Dovremmo comprendere che Macron, con la 
politica protezionistica nei confronti degli stretti interessi della 
Francia e dei Francesi, è il vero, unico ed indiscusso sovranista 
d’Europa, perché, mentre i nostri politici parlano tanto e mostrano i 
muscoli quando arriva una nave carica di disperati (salvo, poi, dover 
necessariamente aprire i porti perché i trattati internazionali che 
l’Italia ha firmato dalla notte dei tempi sino ad oggi obbligano ad 
aprire i porti), Macron agisce. Lui è forte di un’economia francese 
imperialista in Africa e autonoma in Europa, Il Presidente
 francese impone la sua politica. Ricordiamolo bene: Macron chiude la 
frontiera a Ventimiglia così come Orban ha chiuso le frontiere in 
Ungheria, con il risultato che tra Macron ed Orban non c’è alcuna 
differenza.
Dovremmo comprendere che lo slogan “prima
 gli italiani” non va usato nell’accezione populista di chi vuole 
anteporre i bianchi italiani ai neri africani. “Prima gli italiani” 
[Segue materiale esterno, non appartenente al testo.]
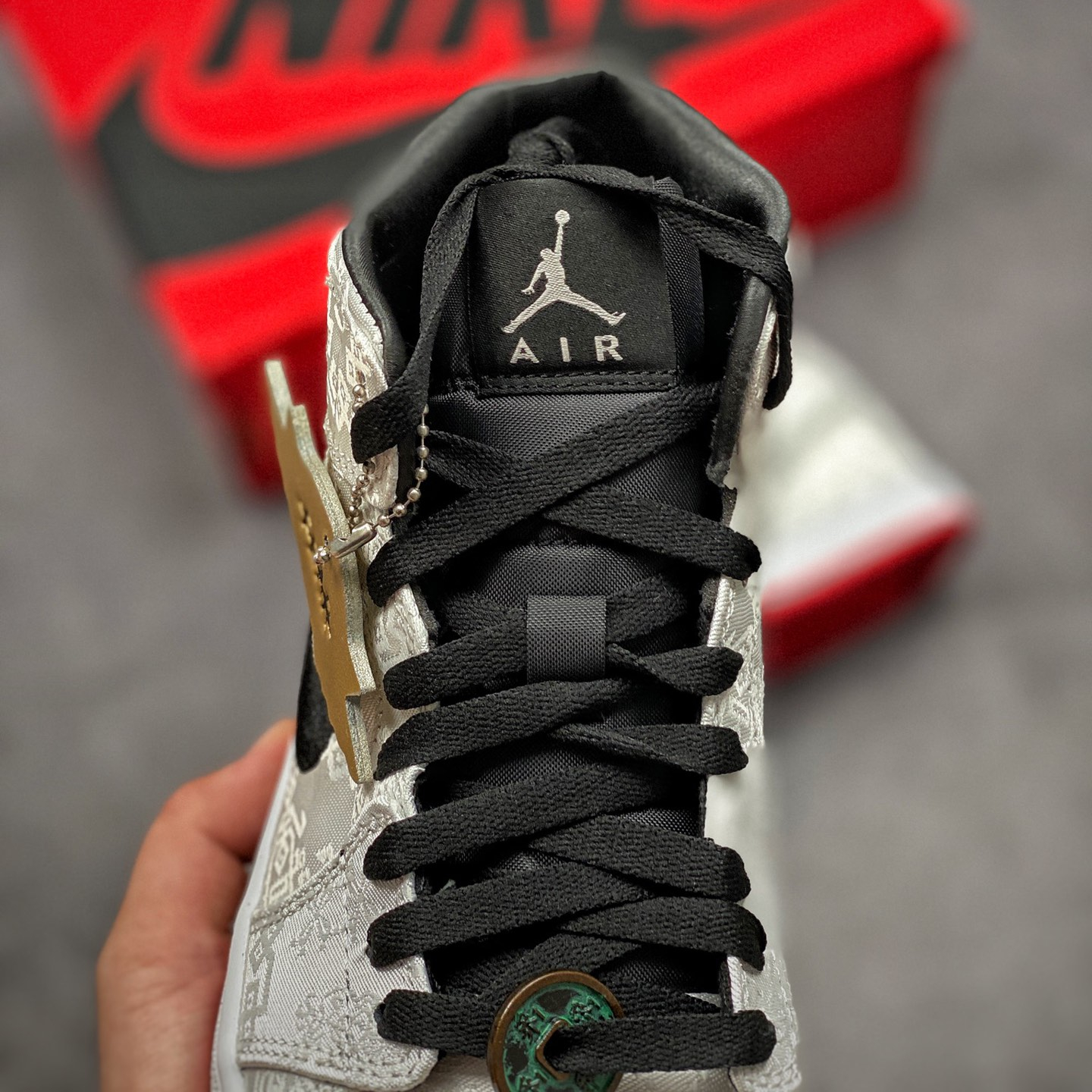 Air Jordan 1 Mid Leisure Board Shoes EU36-EU47.5/ US4-US13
significa salvaguardare l’economia italiana, pensare alle perdite
 che gli italiani subirebbero se i nostri politici non fossero presenti a
 curare gli interessi italiani sul territorio libico. Dovremmo 
riflettere che spaccarsi politicamente all’interno dell’Italia sulla 
questione libica è la primissima breccia per essere relegati nel 
qualunquista “niente” dello scacchiere in Africa.
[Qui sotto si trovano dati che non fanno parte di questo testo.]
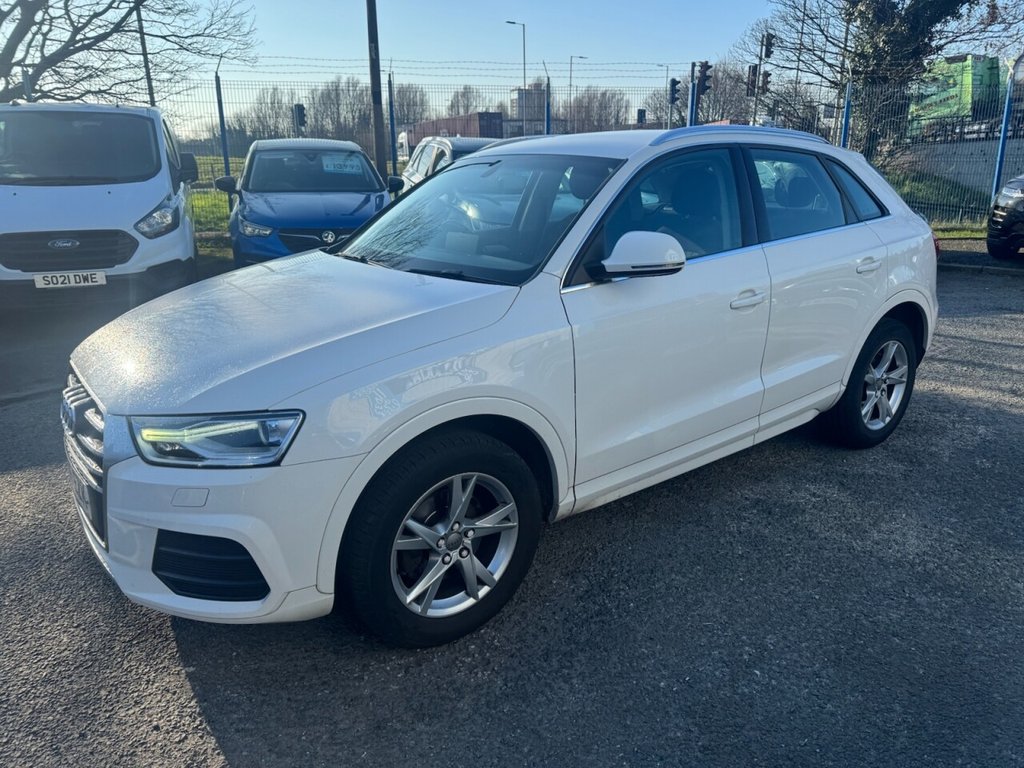 Used Audi Q3 2015 for sale - 77748796: Photo 4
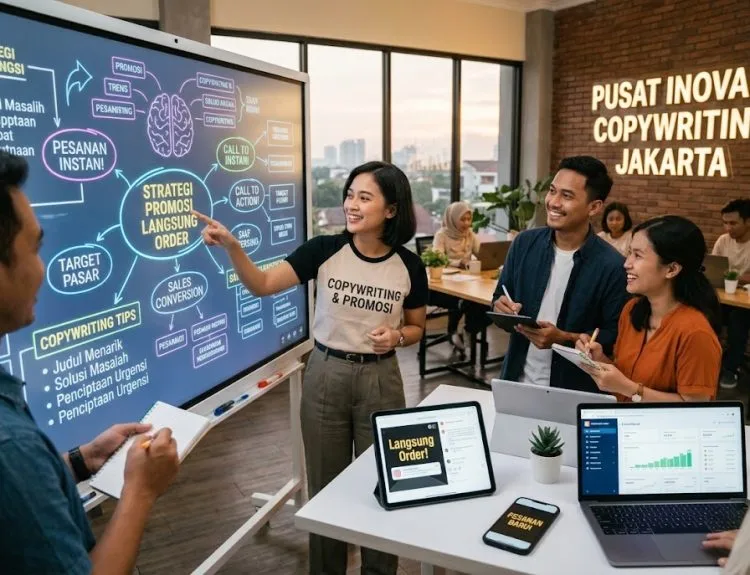 kalimat promosi bisnis online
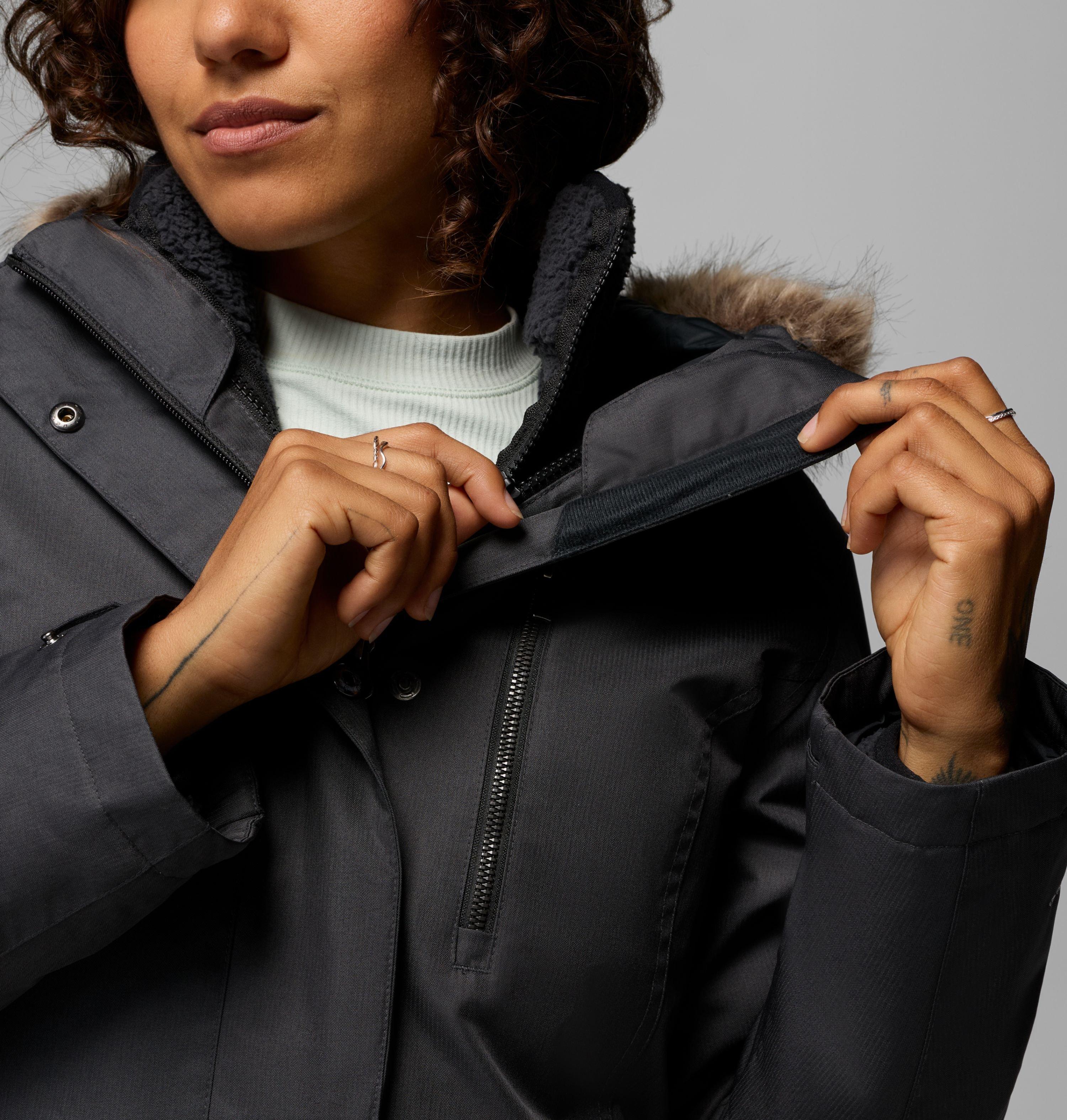 Suttle Mountain Interchange Jacket | 010 | S 8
Sul campo ci siamo solo noi italiani ed i
 francesi. È conveniente spaccarci al nostro interno e, divisi, 
contrapporsi alla Francia in modo cieco e scomposto ? No, sarebbe la 
nostra fine. Sarebbe la riaffermazione dell’intangibilità del Franco Cfa
 e, quindi, il rafforzamento sia dell’imperialismo francese in Africa 
sia dell’imperativismo di Macron in Europa. Ed allora, sebbene abbiamo 
ottimi motivi di prurito nei confronti di Macron, Conte ed i Vice 
Premier Di Maio e Salvini debbono cercare di comporre un asse 
italo-franco con cui risolvere la questione libica. Facciamo appello 
alla ragion di Stato.
Dobbiamo avere l’appoggio dell’Europa nella realizzazione delle nostre misure economiche,
 e dobbiamo proteggere tanto la nostra posizione e la nostra 
autorevolezza in vista delle elezioni europee, quanto i nostri interessi
 in Libia. Queste sono le nostre priorità e le nostre finalità. “Prima 
gli italiani” è tutto ed anche questo. E lo sto scrivendo, perché 
l’antropologia insegna, se vogliamo ricordare la storia, la nostra 
storia. La tattica della contrapposizione alla Francia non deve 
diventare la strategia di una guerra a Macron. Abbiamo la necessità di 
uscire vincenti da questo confronto, e l’unica strada è compattarci al 
nostro interno cercando una soluzione politica con i francesi.
Non dobbiamo allearci per l’eternità, solo superare l’impasse senza lasciare sul campo troppi “cadaveri” italiani.
Che ci piaccia o meno, non abbiamo alternative.